- Proposed Rendition of the Incheon Tower
- Interactive map of the 151 Incheon Tower area

General information
- Status: Under construction
- Type: Mixed-use
- Location: Songdo International City, Incheon, South Korea
- Groundbreaking: June 20, 2008
- Construction started: 2025
- Completed: 2030
- Cost: 17 trillion won US$11 billion

Height
- Antenna spire: 487 m (1,598 ft)

Technical details
- Floor count: 102
- Floor area: 506,538 m^{2} (5,452,330 sq ft)

Design and construction
- Architect: John C. Portman Jr.
- Developer: Hyundai Engineering and Construction
- Engineer: Thornton Tomasetti

= 102 Incheon Tower =

The 151 Incheon Tower was a supertall twin tower proposed for construction in Songdo International City, Incheon, South Korea. The design consisted of two 151 floor, 613 m supertall skyscrapers connected by three skybridges.

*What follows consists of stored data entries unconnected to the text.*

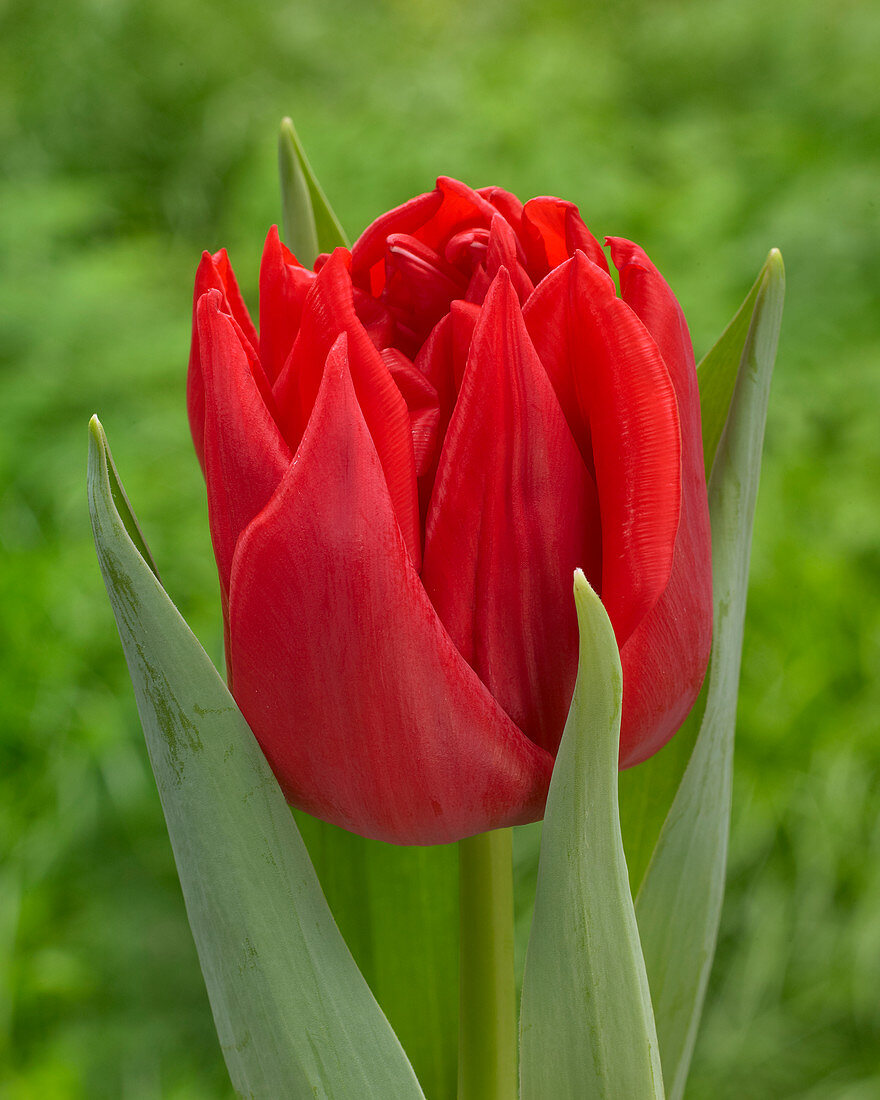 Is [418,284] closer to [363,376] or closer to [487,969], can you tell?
[363,376]

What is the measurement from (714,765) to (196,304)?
0.68 ft

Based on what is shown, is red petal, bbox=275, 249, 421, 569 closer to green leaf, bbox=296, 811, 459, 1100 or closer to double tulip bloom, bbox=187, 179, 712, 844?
double tulip bloom, bbox=187, 179, 712, 844

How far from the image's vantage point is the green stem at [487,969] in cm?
31

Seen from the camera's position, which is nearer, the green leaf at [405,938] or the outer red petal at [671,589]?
the outer red petal at [671,589]

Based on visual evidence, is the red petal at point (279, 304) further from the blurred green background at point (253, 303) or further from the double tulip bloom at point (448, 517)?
the blurred green background at point (253, 303)

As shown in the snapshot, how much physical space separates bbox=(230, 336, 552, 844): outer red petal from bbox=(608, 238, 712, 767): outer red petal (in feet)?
0.10

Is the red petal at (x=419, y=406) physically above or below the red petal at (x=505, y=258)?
below

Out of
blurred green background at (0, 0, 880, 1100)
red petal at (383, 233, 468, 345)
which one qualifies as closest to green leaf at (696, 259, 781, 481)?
red petal at (383, 233, 468, 345)

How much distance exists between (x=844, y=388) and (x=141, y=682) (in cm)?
107

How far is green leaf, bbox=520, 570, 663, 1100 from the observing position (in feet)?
0.81

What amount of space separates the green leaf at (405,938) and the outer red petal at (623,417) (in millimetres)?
191

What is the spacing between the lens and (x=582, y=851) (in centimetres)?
26

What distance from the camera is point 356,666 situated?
0.24m

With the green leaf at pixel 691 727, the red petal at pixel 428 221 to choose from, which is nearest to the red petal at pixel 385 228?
the red petal at pixel 428 221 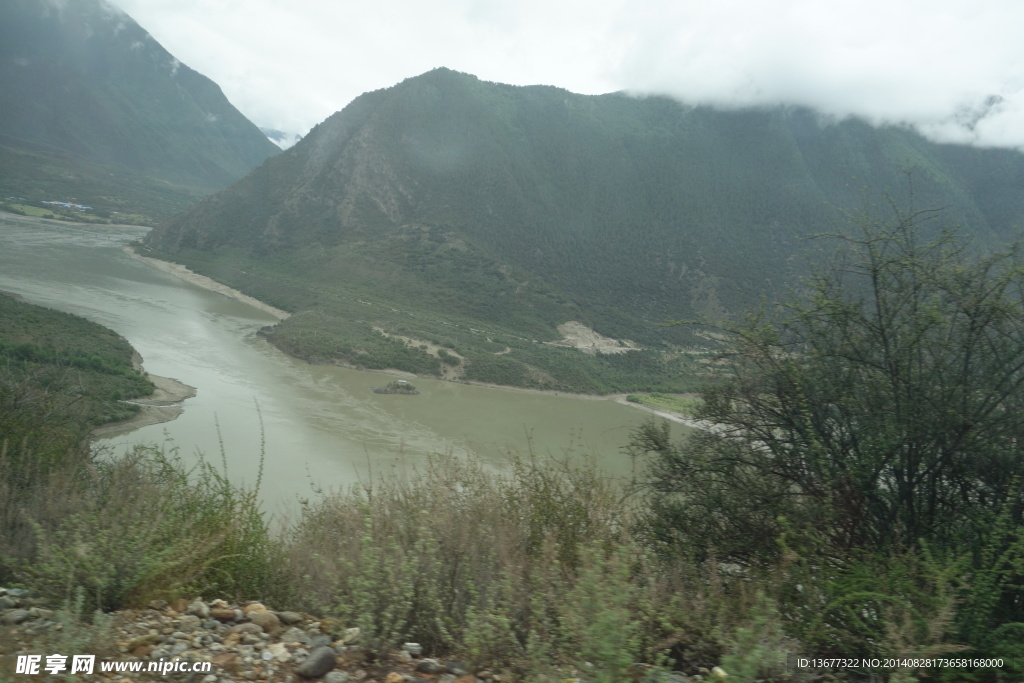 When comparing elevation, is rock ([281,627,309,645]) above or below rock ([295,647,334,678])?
below

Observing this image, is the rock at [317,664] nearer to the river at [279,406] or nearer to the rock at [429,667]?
the rock at [429,667]

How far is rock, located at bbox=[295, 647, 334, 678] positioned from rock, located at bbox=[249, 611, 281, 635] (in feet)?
1.50

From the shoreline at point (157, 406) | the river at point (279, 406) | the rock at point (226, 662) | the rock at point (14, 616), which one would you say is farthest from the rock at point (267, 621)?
the shoreline at point (157, 406)

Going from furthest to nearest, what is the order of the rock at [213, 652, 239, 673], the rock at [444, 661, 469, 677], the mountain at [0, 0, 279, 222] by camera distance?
the mountain at [0, 0, 279, 222], the rock at [444, 661, 469, 677], the rock at [213, 652, 239, 673]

The building would have become the tallest twin towers in the world, surpassing the Petronas Towers in Kuala Lumpur, Malaysia, and one of the tallest buildings in Asia. After the late-2000s recession, the tower was postponed with the possibility of a redesign at a lower height. The height of the tower was reduced from 613 metres to 487 metres while keeping the design the same.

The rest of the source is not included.